Essa evolução seria benéfica para a sociedade e faria avançar a justiça, ou seria contraproducente? Ela deterioraria as noções de livre-arbítrio e responsabilidade pessoal mais amplamente se todas as decisões antissociais pudessem aparentemente ser atribuídas a algum tipo de desvio neurológico?
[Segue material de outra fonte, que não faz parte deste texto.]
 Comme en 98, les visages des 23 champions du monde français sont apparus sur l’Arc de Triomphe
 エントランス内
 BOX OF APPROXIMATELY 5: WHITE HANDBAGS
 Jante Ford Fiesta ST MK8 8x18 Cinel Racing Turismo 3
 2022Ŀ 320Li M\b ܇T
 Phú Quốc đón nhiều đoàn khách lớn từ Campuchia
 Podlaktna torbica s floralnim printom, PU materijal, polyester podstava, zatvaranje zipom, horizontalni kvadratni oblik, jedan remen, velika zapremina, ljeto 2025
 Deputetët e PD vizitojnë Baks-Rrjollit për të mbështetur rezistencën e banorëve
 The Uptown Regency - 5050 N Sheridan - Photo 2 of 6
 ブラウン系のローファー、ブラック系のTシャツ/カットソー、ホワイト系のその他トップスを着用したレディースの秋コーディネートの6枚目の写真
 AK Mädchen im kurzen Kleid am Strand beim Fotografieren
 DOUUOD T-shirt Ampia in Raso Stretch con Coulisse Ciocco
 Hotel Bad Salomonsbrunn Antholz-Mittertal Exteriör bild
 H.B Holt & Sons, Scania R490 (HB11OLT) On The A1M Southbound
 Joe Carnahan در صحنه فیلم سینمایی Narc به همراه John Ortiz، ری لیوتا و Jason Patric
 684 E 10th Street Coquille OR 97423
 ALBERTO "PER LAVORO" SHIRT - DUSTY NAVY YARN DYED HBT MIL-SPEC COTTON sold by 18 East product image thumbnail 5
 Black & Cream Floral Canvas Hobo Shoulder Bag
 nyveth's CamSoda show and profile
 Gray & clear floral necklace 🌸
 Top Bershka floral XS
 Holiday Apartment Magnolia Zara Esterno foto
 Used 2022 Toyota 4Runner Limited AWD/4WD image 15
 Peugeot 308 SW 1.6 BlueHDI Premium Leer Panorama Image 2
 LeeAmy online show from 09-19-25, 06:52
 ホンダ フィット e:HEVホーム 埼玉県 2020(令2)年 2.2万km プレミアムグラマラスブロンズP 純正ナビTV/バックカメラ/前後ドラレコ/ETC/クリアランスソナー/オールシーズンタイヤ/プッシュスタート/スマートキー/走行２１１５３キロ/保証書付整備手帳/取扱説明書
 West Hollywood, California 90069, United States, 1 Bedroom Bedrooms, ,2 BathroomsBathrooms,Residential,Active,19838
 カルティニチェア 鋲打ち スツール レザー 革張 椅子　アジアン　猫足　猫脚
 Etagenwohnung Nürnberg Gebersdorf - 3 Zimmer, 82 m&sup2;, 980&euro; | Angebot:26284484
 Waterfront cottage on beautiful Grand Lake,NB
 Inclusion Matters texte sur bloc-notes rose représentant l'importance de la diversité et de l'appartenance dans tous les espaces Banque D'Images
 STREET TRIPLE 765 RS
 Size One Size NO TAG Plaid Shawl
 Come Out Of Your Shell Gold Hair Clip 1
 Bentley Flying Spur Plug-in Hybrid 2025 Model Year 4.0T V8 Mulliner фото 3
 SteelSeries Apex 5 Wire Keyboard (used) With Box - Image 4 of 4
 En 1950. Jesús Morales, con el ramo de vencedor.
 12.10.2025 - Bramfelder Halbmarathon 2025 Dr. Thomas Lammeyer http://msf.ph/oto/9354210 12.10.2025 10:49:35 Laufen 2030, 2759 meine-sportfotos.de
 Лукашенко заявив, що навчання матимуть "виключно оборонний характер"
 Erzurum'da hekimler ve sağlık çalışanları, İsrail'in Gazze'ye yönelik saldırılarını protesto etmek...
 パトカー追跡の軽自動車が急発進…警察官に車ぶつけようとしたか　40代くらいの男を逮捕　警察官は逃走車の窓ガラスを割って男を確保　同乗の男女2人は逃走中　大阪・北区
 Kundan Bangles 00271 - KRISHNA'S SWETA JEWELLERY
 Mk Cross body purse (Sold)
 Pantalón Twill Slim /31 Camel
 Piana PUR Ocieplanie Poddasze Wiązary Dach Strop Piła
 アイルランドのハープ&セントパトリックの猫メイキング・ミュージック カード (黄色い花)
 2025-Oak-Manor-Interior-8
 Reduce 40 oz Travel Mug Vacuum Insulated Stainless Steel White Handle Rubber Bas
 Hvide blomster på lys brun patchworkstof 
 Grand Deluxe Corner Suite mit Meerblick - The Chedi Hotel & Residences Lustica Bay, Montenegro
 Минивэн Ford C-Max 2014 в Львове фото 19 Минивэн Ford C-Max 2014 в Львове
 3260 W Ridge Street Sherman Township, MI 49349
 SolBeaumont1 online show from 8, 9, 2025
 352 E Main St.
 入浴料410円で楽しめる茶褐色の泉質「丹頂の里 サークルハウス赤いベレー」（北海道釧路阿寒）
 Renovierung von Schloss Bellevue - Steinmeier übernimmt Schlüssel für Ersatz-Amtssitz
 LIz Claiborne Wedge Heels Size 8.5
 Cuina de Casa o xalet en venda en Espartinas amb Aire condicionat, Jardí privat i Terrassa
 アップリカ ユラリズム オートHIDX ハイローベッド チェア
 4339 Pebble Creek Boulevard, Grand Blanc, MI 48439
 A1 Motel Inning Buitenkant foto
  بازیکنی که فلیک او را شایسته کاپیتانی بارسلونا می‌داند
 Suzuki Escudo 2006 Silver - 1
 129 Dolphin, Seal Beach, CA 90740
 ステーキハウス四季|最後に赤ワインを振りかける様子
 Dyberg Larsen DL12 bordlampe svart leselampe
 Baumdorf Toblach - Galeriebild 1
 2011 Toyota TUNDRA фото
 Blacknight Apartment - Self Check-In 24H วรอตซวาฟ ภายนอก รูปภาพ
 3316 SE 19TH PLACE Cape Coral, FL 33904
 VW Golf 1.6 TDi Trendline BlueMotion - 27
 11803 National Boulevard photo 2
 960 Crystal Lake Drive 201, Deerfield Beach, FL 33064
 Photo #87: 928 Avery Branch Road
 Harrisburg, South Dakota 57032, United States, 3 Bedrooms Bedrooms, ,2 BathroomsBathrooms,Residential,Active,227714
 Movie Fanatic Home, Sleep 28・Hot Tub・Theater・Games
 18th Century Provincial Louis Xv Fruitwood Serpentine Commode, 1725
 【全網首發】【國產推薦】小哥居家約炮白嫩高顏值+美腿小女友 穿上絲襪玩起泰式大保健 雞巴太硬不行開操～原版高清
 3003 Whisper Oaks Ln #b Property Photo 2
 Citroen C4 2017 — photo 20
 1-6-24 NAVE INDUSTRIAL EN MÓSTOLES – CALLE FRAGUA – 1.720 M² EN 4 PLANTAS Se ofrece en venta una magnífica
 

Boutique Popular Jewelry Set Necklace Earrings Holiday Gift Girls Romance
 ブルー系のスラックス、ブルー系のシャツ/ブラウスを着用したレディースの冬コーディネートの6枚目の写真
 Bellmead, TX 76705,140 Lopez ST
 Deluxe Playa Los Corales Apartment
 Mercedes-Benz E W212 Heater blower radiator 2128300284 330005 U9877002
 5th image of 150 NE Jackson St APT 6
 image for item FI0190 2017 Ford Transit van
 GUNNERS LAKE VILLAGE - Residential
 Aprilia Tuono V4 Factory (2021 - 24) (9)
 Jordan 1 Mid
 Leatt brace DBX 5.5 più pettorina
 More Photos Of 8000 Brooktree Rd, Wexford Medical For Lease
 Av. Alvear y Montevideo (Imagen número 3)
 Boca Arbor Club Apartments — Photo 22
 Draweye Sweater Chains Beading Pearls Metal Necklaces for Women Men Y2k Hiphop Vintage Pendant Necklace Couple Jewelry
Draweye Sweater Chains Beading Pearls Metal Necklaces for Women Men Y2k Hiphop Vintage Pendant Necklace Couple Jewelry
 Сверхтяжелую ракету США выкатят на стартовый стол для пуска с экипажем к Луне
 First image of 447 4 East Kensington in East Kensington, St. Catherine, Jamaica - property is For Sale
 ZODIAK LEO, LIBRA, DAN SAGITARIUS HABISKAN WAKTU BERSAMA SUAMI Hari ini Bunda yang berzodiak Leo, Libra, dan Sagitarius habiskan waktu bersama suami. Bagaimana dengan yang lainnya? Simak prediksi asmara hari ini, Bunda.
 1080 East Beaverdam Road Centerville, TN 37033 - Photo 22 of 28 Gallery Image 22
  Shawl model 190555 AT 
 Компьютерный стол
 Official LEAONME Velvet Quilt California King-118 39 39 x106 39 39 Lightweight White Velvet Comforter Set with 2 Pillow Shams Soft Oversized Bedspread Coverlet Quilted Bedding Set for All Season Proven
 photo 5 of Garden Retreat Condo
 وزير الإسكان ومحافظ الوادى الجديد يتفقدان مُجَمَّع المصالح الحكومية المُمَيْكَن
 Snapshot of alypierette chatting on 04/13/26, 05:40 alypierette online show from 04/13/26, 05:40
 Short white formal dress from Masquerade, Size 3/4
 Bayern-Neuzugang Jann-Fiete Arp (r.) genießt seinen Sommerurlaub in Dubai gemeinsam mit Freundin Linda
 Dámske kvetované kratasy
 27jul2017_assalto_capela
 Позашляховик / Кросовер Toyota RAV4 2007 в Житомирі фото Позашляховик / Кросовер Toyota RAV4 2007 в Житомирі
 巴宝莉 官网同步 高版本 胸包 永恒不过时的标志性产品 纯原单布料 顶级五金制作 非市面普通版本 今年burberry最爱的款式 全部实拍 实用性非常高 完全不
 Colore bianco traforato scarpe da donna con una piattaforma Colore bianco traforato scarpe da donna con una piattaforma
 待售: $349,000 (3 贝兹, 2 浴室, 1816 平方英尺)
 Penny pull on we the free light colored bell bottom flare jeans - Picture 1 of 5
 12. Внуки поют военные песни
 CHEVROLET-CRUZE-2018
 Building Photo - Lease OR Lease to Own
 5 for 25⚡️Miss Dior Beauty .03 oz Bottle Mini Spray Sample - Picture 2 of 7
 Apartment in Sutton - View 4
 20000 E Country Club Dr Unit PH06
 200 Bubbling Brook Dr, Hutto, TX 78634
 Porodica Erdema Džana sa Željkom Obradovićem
Em minha opinião, é importante manter os avanços científicos sobre como o cérebro capacita a mente separados das discussões sobre responsabilidade pessoal. São pessoas, não os cérebros, que cometem crimes. Como já expliquei em outro lugar, o conceito de responsabilidade pessoal é algo que brota das interações sociais. Ela é parte das normas de intercâmbio social, não é uma parte do cérebro.

PROCEDA COM CAUTELA

APESAR DE MUITOS INSIGHTS estarem se originando da neurociência, descobertas recentes de pesquisas sobre a mente juvenil destacam a necessidade de proceder com cautela ao incorporar essa ciência à lei. Em 2005, no caso Roper v. Simmons, a suprema corte americana considerou que a execução de um réu que cometeu um assassinato aos 17 anos ou menos era uma punição cruel e incomum. O tribunal baseou sua opinião em três diferenças entre adolescentes e adultos: os jovens sofrem de uma impetuosa falta de maturidade e responsabilidade; eles são mais suscetíveis a influências negativas e não têm independência para se afastar de situações comprometedoras; e o caráter de um jovem ainda não está tão definido como o de um adulto. Embora o tribunal compreendesse que estava traçando uma linha arbitrária, determinou que nenhuma pessoa menor de 18 anos à época de um crime poderia receber a pena de morte.

Independentemente das conquistas que os avanços da neurociência possam ter, todos deveríamos observar cuidadosamente como eles devem ser incorporados à nossa cultura. A relevância judicial de descobertas neurocientíficas é apenas uma parte do todo. Algum dia vamos querer exames de ressonância magnética cerebral de nossos noivos/noivas, sócios ou políticos, mesmo que os resultados não resistam a um teste no tribunal? À medida que a compreensão científica da natureza humana continuar a evoluir, nossa postura moral em relação a como gostaríamos de administrar uma sociedade justa também mudará. Ninguém que eu conheça quer se precipitar para um novo sistema sem que cada nova descoberta seja analisada com extremo cuidado. Ainda assim, ninguém pode ignorar as mudanças no horizonte.